**Brief:** Without including any images, repeat the data exactly.
____ Exercise data
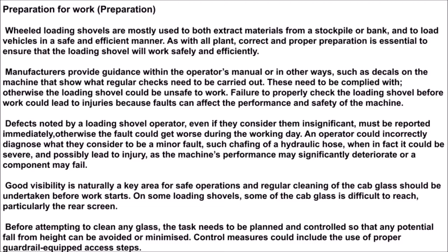Good visibility is naturally a key area for safe operations and regular cleaning of the cab glass should be undertaken before work starts. On some loading shovels, some of the cab glass is difficult to reach, particularly the rear screen. Before attempting to clean any glass, the task needs to be planned and controlled so that any potential fall from height can be avoided or minimized. Control measures could include the use of proper guardrail-equipped access steps.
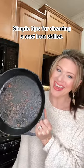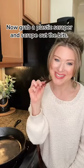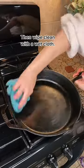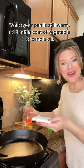Simple steps for cleaning a cast iron skillet. Grab a plastic scraper and scrape out the bits, then heat up the pan to evaporate any remaining moisture. While your pan is still warm, add a thin coat of vegetable oil.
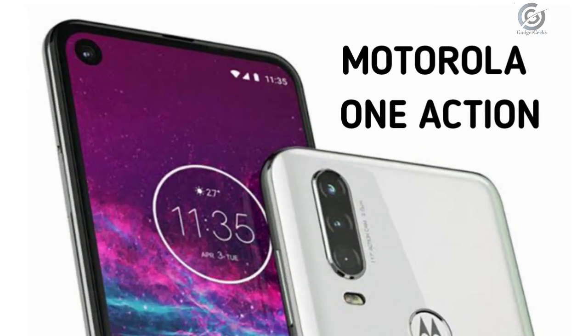The One Action has the fingerprint scanner on its back, like the One Vision, so there is no in-display fingerprint scanner in this flagship-like Motorola phone. But it comes with an extra camera, despite being an affordable version of the One Vision.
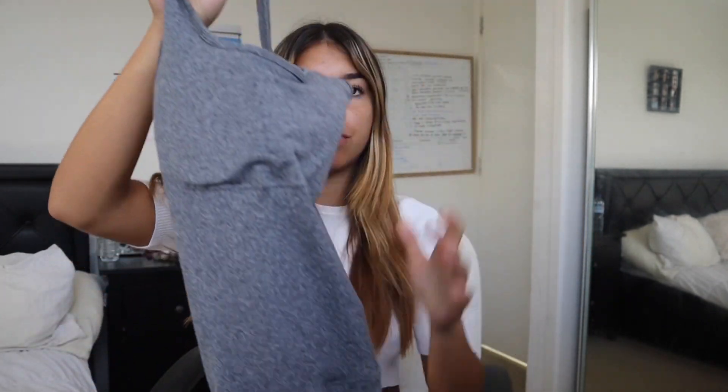I love everything about this — it's just a long, cozy bodysuit with really good texture. I did get the smallest size they have on their website, so this is just for reference of what it will look like on. Let me know in the comments what you guys think of it.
________
**Result for this exercise:**
Good visibility is naturally a key area for safe operations and regular cleaning of the cab glass should be undertaken before work starts. On some loading shovels, some of the cab glass is difficult to reach, particularly the rear screen. Before attempting to clean any glass, the task needs to be planned and controlled so that any potential fall from height can be avoided or minimized. Control measures could include the use of proper guardrail-equipped access steps.
Simple steps for cleaning a cast iron skillet. Grab a plastic scraper and scrape out the bits, then heat up the pan to evaporate any remaining moisture. While your pan is still warm, add a thin coat of vegetable oil.
The One Action has the fingerprint scanner on its back, like the One Vision, so there is no in-display fingerprint scanner in this flagship-like Motorola phone. But it comes with an extra camera, despite being an affordable version of the One Vision.
I love everything about this — it's just a long, cozy bodysuit with really good texture. I did get the smallest size they have on their website, so this is just for reference of what it will look like on. Let me know in the comments what you guys think of it.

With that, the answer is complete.